Ideas behind “Cast Shadows”:

1. The process of casting iron is a fleeting event that leaves residue in different ways. Works submitted address this phenomenon in various way.
2. Artists who utilize cast iron produce “permanent” products in iron not only as work unto itself, but also as document to the event.

3. Iron casting process is connected to a long history of metal art, industry, and human history. Cast iron artworks are in a sense living in the shadows cast by this rich past. As well, contemporary artists are casting their own shadows onto those around and into the future.

4. There is a digital relationship between the curators from Illinois and North Carolina. There is a line like a cast shadow from a sundial that goes back and forth between Denton and Akagawa, two gnomon.

Sunday, January 31, 2010

Gabriel Akagawa

ECU Foundry Tree
Tar paper, photographs, soapstone, chalk. 7' x  3'

Foundry Tree is a photographic project documenting the lineage of contemporary artists working with cast iron. Each artist is photographed individually wearing his or her safety equipment.

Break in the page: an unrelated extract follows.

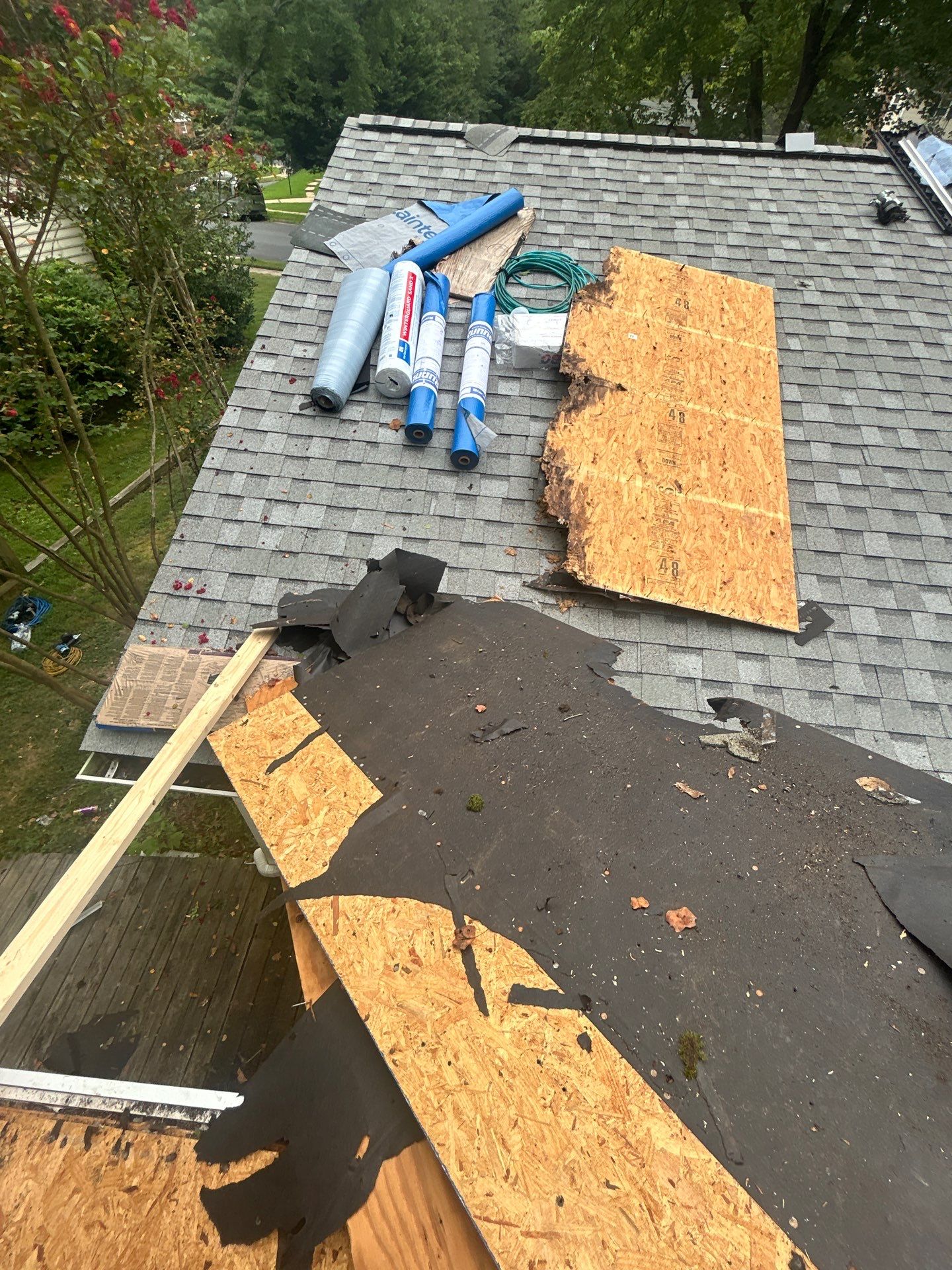 Springfield : with CertainTeed Landmark Pro in Max Def Cobblestone Gray  by RM Banning, Inc.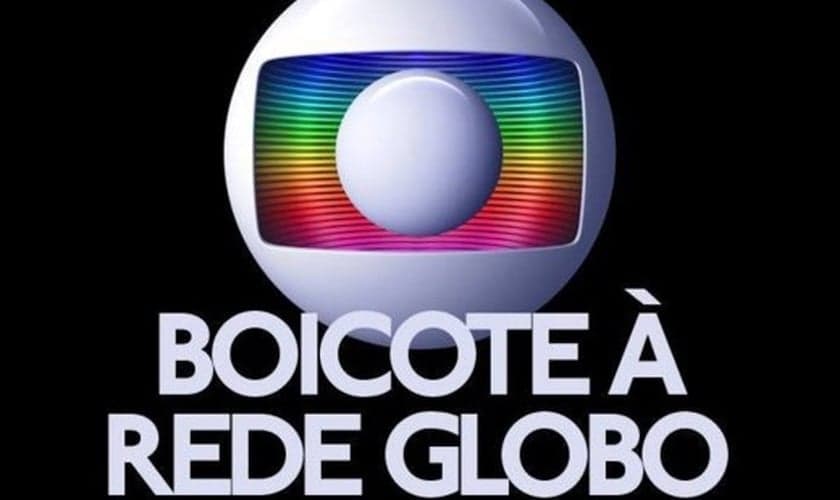 Rede Globo tem se tornado alvo de diversos protestos, após promover uma agenda que ataca os valores da Família. (Imagem: Gshow)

The relationships between teachers, mentors and/or students are recorded through these digital photographs that are later mapped into a genealogy at

The documenting process began at the 2009 National Conference on Cast Iron Art at Sloss Furnaces in Birmingham, Alabama when over 250 people were photographed. Many of ECU's faculty and students were included. This project is an artwork meant to link generations of artists casting iron. The physical, photographic "tree" on a wall at Cast Shadows is complemented by the web-based entity acting as a resource for artists.